LOS ANGELES (Legal Newsline) – A class action lawsuit against J. Crew will need to be amended before it will be considered, a recent decision by a U.S. district court judge stated.
The decision was the response to a request to dismiss the case.
In the complaint, plaintiff Dana Delman claimed J. Crew misled consumers with what seemed to be discounted products but turned out not to be so.
The issue was with the J. Crew Factory website, which lists Valued At prices along with Your Price, which the court stated may confuse consumers.
“The goods offered for sale on the Factory website were specifically manufactured for sale on the Factory website to resemble those items sold at J. Crew’s higher priced stores, but are of inferior quality,” wrote Judge Michael Fitzgerald, of the Central District of California.
“Despite the promise of a discount implicit in the comparison between the Valued At and Your Price sales prices, J. Crew is in fact selling the goods available on the Factory website at full price."
The order indicates that Delman hired an expert to look into the claims by J. Crew that the Valued At price was what other retailers were offering for similar type of products. The expert was not able to find comparable prices at other retailers.

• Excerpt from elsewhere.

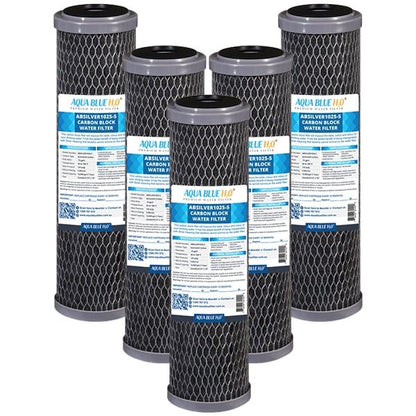 Silver Carbon Block Filter Cartridge Standard 2.5” x 10”, 5 Micron - WATER FILTER DISTRIBUTORS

Delman originally filed the lawsuit on Dec. 13 in the U.S. District Court for the District of Central California. The defendants filed to dismiss the case in March, and Delman filed her opposition to the dismissal on April 10.
The court wrote in its decision that the motion was partially granted and partially denied.
“Plaintiff’s theory regarding defendant’s allegedly deceptive advertising is viable as currently pled, and plaintiff has standing to pursue her claims for injunctive relief,” the court's opinion states.
Yet, the court noted that Delman did not “allege sufficient facts” and that she failed to give appropriate notice to the defendants. However, Fitzgerald wrote that failure did not require the dismissal of the case. Instead, he stated that Delman should file an amended complaint.
“If, 30 days after the notice is served upon defendants neither party has filed notice that defendants have abated their allegedly improper conduct, plaintiff’s CLRA claims as alleged in the forthcoming second amended complaint shall become operative,” the court stated.